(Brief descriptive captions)

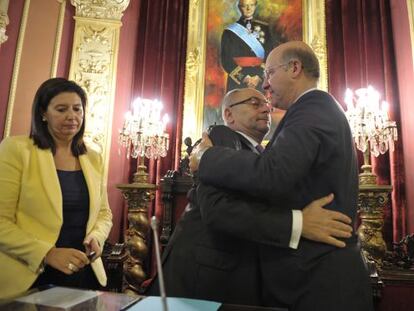 Francisco Rodr&iacute;guez abraza al nuevo alcalde, Agust&iacute;n Fern&aacute;ndez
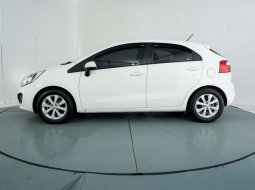 JUAL Kia Rio SE 1.4 MT 2012 Putih 3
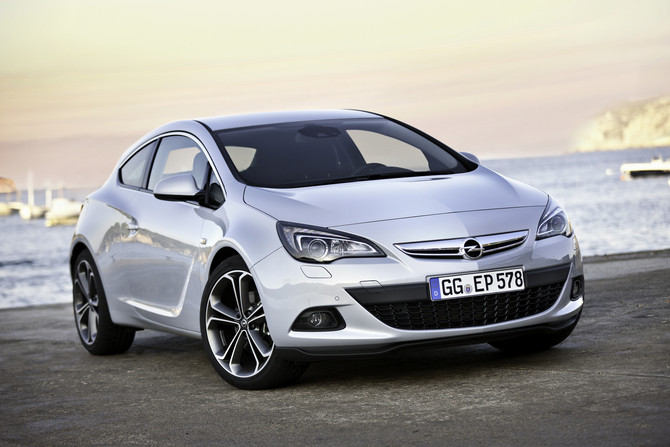 Opel Astra GTC 2.0 CDTI Active Select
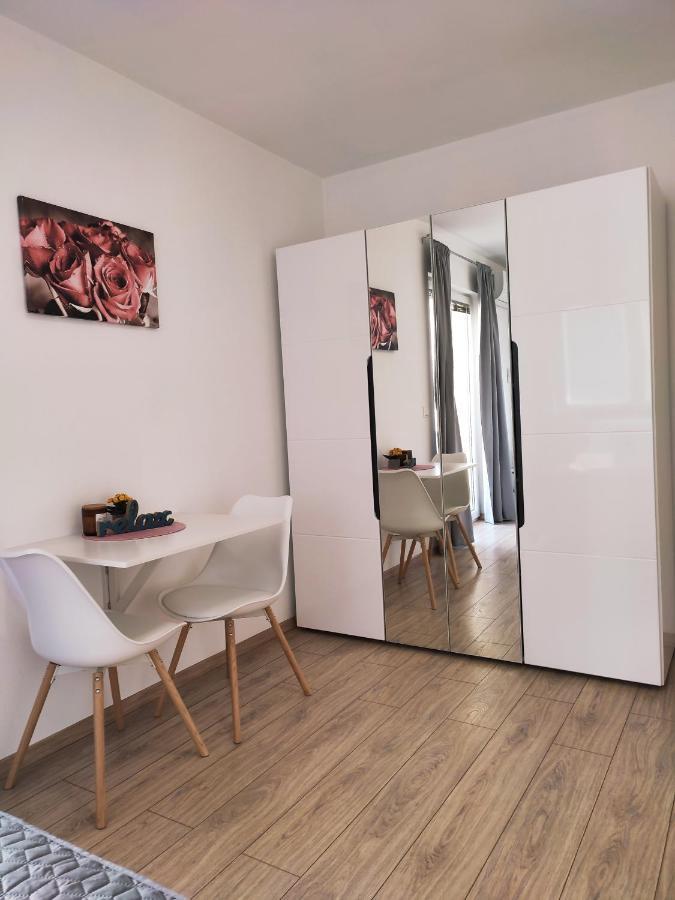 Apartmani Josipa Baška Voda المظهر الخارجي الصورة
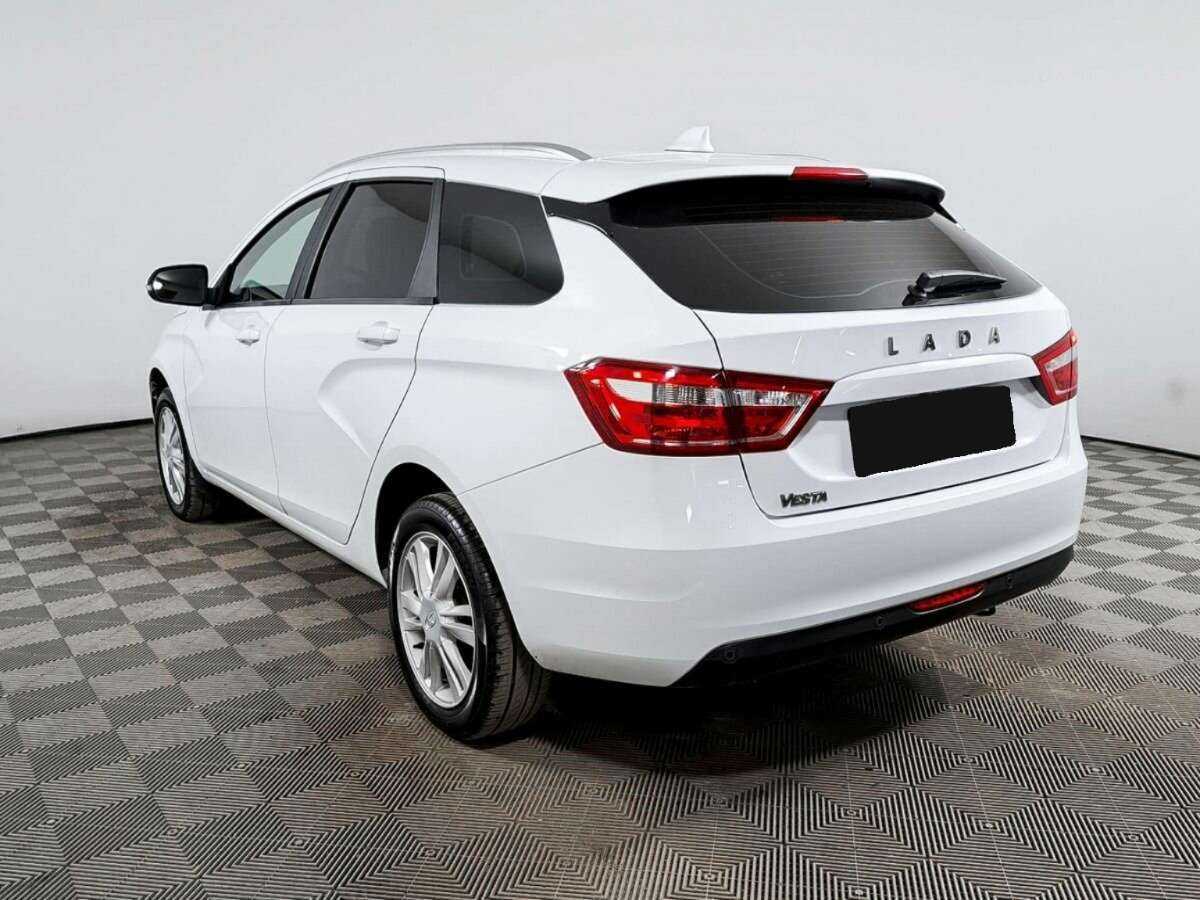 Купить Lada (ВАЗ) Vesta SW, 2018, 139 100 км, фото №7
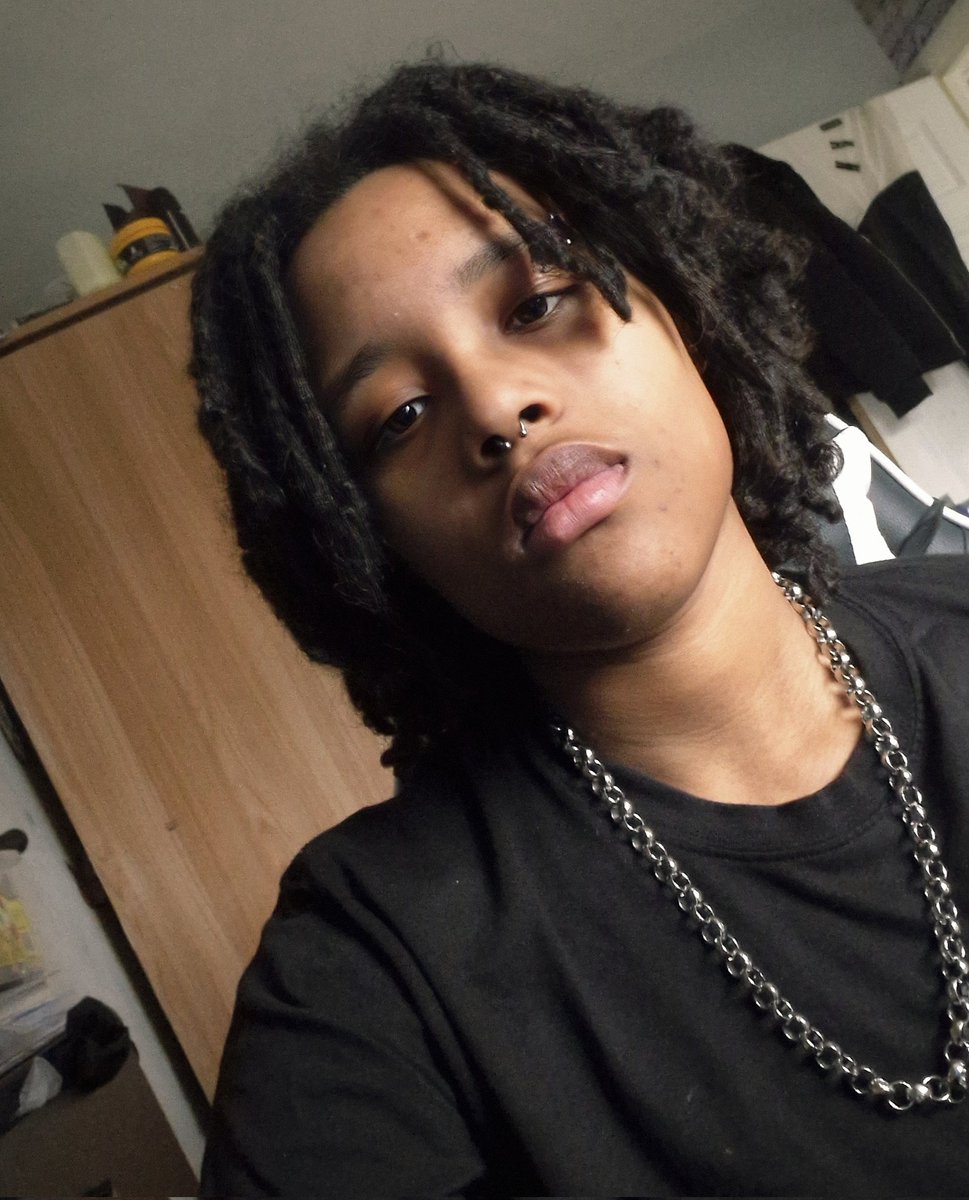 Lukas 🏳️‍⚧️ tweet media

**WORK REQUIRED:** A word-for-word copy of all the data is required, minus the pictures.

**EXERCISE RESPONSE:**
 Francisco Rodr&iacute;guez abraza al nuevo alcalde, Agust&iacute;n Fern&aacute;ndez
 JUAL Kia Rio SE 1.4 MT 2012 Putih 3
 Opel Astra GTC 2.0 CDTI Active Select
 Apartmani Josipa Baška Voda المظهر الخارجي الصورة
 Купить Lada (ВАЗ) Vesta SW, 2018, 139 100 км, фото №7
 Lukas 🏳️‍⚧️ tweet media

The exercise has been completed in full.